Why do we need time in green space?  One explanation from Dr William Bird, a UK-based GP and health consultant to various public bodies, is that modern humans still have the physiology of hunter-gatherers.  We have existed in our current physcial form for about 200,000 years.  We invented agriculture only about 10,000 years ago, compulsory schooling 400 years ago and industry even more recently.  Our culture has evolved ahead of our minds and bodies, that were designed for different times.  We are animals that are designed to play, learn and work best outdoors, in an environment where carbohydrates are scarce but physical activity is plentiful.

So how is green space beneficical to modern children?  The answers are simple and intuitive.  Green space promotes physical movement, and such exercise is a wonderdrug, preventative of a dizzying array of health problems from diabetes to dementia.  71% of us think we get enough exercise, but half of us are mistaken in this: an estimated 31% of the UK get the exercise we need.  Childhood obesity has doubled in 20 years.  Proximity to green space is a significant determiner of longevity and reduces health inequalities, with low income earners in the greenest places living as long as middle income earners in the least green places. 

There is also a green agenda in mental health policy.  MIND published its' 'Ecotherapy' report in 2007, suggesting that doctors should prescribe green exercise as a treatment for mild depression, their research having shown it to be at least as effective as antipressants and therapy.  Gardening, country walks and conservation work scored far higher than indoor forms of exercise, with participants reporting lower stress, higher self-esteem and a heightened sense of meaning and purpose.  The UK currently spends about £300 million on antipressant prescriptions every year.

Green space can have a big impact on public wellbeing, as a less tangible but more spiritual need.  The concept of 'biophilia' suggests that we are most at home when surrounded by other forms of life.  Hosptial rooms with views of greenery have higher recovery rates than those without them.  We feel more human when we are among other plants and animals:  as hunter-gatherers, we are hard-wired to feel at home in the natural world, and abilities to understand, predict and exploit it have been naturally selected over millennia.  Our culture labels the man-made as artificial, yet in truth we are a part of nature rather than separate from it: wildness is within us.

So outdoor learning is one way in which educators can respond to this situation, and help to create happier, healthier children with a more balanced relationship with the natural world.  A growing body of research, mostly from the US, is also suggesting that green time can enhance children's performance and atainment in school.  Children who spend time in green space experience fewer symptoms of ADHD.  Children with three years of regular outdoor learning achieve higher scores in maths, reading, wrting, listening and thinking skills:  significantly, their attendance and concentration are also much better.  There is a campaign for a daily 'green hour' based on the claim that it aids 'learning readiness'.

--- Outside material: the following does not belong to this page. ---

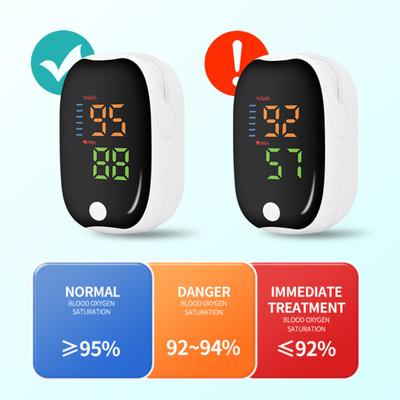 Neinvazívny oxymetrický prístroj Ľahko čitateľný displej Užívateľsky prívetivý dizajn Vysoká presnosť Oxymetrický prístroj na meranie saturácie krvi pre seniorov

Research in the UK on the acclaimed Forest School system, introduced from Scandinavia, found that pupils who do their lessons in a wood once a week, enjoy more confidence, better social skills, can concentrate for longer and have more developed motor skills and language abilities than their indoor peers.  Forest School is an approach that any school can take up over time, and is probably the most systematic and robust educational vehicle we have for re-connecting our children with the real world around them.  The teachers I know who have trained as Forest School leaders are passionately vocal about its merits.

Why outdoor learning? Because schools have an opportunity to redress the imbalance in children's lives, and to be part of the solution to nature-deficit-disorder, along with better urban design and public policy.  Because outdoor learning creates happier and healthier children who do better at school and in life.  Because it is a powerful tool that any teacher can take up and use in their practice.  Because sometimes it's obvious that children in a building are like fish out of water, and it's hard to learn when you're drowning.